An electrically conductive printing head which performs so-called electroconductive printing, in which printing is directly conducted onto the printing form by electroconductive action or by transfer from a printing ribbon has a disadvantage in that it can be susceptible to wear and damage because as the electrode feeding current travels its tip is being pressed onto the electrically resistant electroconductive printing form or ribbon. Thus, in order to prevent this, the electrode has conventionally been formed of hard, low resistant special metals which exhibit excellent heat-resistance and resistance to abrasion and wear. However, an electroconductive printing head having electrodes made of such metals has had the following problems which should be thoroughly eliminated.
(1) Hard metals having excellent abrasive resistance and heat-resistance have generaly been difficult to process, and it has been difficult to attain a high density of pixels on the head and to cope with the multiplication of the electrodes.

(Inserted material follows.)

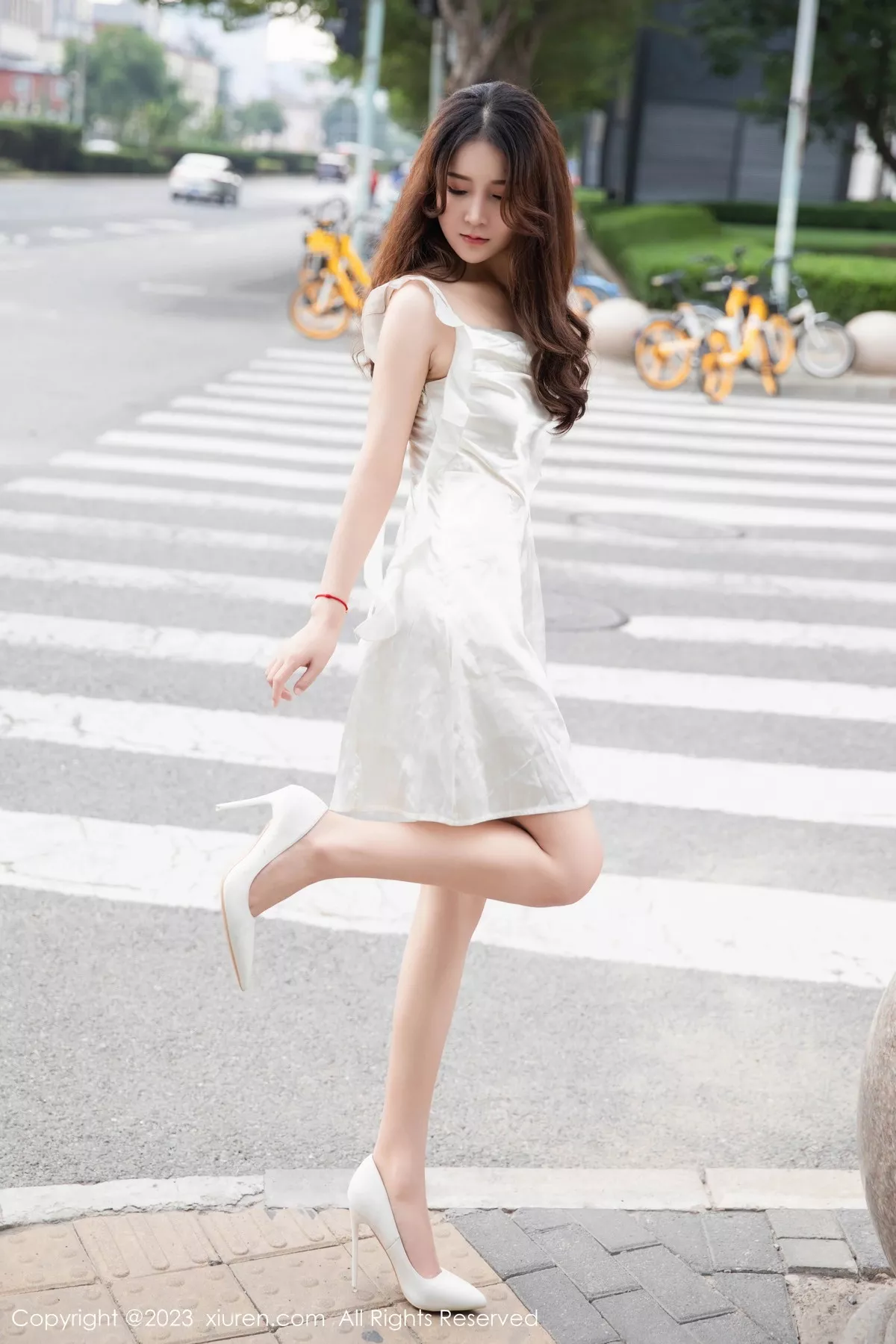 [[XiuRen秀人网]秀人网]No.7558_模特林煊煊脱性感白色连衣短裙露白色内衣秀完美身材诱惑写真70P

(2) Moreover, when the electrodes at the used tips are changed, it is wasteful if the drive feeding current to them is also changed, while if only the electrodes are changed independently of the drive it was necessary to finely align the drive portion and the electrodes during setting, and this work was extremely difficult. Such problems cannot be overlooked, particularly in case the head provided with a multiplicity of the electrodes on the head of a shuttle or line printer.
An object of the invention is to provide a durable electroconductive printer which allows the pixels to be very densely facilitated and the electrodes to be multiplied while eliminating the necessity of complicated and troublesome alignment during maintenance and inspection.
In order to achieve the above-described object, the invention provides an electroconductive printer comprising an electrode carrier member provided on one surface with a pattern of plural electrodes forming a printing pattern which is disposed in correspondence thereto, a printing medium forming the printing images in correspondence with the printing pattern by an electroconductive action, an anisotropic electroconductive element having a first turn-on surface contacting the above-mentioned one surface and forming a turn-on state with the above pattern electrode, and a second turn-on surface contacting the printing medium and forming a turn-on state therewith and having a turn-on performance with respect to at least a single direction passing through the first and second turn-on surfaces.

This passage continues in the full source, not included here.